■ Exercise ■
With the line containing "A RIEDEL Fatto" as the start and the line containing "The Windward Islands" as the end, transcribe that span of the entries below exactly, including both.
+++
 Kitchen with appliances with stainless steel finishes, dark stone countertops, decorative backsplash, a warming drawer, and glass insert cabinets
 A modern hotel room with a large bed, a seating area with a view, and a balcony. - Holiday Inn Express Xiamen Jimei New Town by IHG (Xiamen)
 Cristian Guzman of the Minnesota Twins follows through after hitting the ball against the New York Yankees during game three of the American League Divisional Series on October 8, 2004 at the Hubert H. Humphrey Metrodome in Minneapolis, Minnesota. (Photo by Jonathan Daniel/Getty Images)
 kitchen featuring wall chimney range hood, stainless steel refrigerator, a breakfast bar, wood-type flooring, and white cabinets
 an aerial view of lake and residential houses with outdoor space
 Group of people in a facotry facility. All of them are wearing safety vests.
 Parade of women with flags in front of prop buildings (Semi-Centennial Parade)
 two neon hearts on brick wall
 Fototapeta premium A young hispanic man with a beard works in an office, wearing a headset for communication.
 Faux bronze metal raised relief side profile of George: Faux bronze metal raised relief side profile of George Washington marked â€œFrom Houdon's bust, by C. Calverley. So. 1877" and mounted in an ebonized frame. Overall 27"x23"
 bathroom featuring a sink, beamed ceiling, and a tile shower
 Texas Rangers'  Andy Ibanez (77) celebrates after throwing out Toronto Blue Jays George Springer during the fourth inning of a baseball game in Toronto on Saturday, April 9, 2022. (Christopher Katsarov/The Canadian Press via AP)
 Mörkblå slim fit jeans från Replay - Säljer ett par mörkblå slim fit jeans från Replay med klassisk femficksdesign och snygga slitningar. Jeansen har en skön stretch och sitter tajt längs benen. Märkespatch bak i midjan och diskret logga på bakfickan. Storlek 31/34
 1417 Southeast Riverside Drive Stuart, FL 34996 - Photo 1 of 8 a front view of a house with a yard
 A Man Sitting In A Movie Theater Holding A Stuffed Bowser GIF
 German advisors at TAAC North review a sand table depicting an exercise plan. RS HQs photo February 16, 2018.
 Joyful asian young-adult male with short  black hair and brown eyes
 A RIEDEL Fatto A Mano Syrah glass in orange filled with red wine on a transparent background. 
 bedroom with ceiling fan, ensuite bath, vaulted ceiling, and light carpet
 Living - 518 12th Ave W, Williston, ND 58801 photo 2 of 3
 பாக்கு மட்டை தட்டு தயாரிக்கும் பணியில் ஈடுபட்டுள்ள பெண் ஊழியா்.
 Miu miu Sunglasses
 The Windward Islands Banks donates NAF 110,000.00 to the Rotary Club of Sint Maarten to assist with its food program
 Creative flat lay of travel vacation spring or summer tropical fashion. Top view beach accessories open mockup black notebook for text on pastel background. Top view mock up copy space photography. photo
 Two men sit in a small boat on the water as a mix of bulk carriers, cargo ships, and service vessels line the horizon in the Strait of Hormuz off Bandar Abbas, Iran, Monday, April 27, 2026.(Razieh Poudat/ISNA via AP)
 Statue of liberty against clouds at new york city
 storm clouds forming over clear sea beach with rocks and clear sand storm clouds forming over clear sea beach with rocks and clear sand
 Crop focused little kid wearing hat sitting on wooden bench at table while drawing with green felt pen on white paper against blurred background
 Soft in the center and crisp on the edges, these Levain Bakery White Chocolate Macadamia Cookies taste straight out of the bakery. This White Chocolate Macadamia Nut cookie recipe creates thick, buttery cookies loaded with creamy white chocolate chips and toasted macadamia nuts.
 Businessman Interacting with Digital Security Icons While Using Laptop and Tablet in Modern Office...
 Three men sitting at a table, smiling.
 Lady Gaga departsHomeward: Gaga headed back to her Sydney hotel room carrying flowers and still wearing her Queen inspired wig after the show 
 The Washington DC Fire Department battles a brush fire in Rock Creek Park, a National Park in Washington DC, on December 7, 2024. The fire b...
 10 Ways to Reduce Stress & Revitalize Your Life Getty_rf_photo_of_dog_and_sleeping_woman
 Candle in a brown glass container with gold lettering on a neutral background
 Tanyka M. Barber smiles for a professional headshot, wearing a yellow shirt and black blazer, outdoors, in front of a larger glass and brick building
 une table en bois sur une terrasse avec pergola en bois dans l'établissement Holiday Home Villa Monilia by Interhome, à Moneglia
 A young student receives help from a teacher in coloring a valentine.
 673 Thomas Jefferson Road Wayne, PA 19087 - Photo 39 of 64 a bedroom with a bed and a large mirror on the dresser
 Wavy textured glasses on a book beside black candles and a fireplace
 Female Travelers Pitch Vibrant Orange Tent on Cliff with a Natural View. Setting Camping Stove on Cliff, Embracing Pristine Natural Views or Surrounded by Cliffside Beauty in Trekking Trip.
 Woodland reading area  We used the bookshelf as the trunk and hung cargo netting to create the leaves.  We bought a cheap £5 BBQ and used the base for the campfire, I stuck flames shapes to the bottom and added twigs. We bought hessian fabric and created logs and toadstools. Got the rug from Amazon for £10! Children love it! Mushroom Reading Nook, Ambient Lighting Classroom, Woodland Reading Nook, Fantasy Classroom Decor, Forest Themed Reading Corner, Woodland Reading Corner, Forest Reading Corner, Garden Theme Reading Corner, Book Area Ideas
+++
■ Exercise response ■
 A RIEDEL Fatto A Mano Syrah glass in orange filled with red wine on a transparent background. 
 bedroom with ceiling fan, ensuite bath, vaulted ceiling, and light carpet
 Living - 518 12th Ave W, Williston, ND 58801 photo 2 of 3
 பாக்கு மட்டை தட்டு தயாரிக்கும் பணியில் ஈடுபட்டுள்ள பெண் ஊழியா்.
 Miu miu Sunglasses
 The Windward Islands Banks donates NAF 110,000.00 to the Rotary Club of Sint Maarten to assist with its food program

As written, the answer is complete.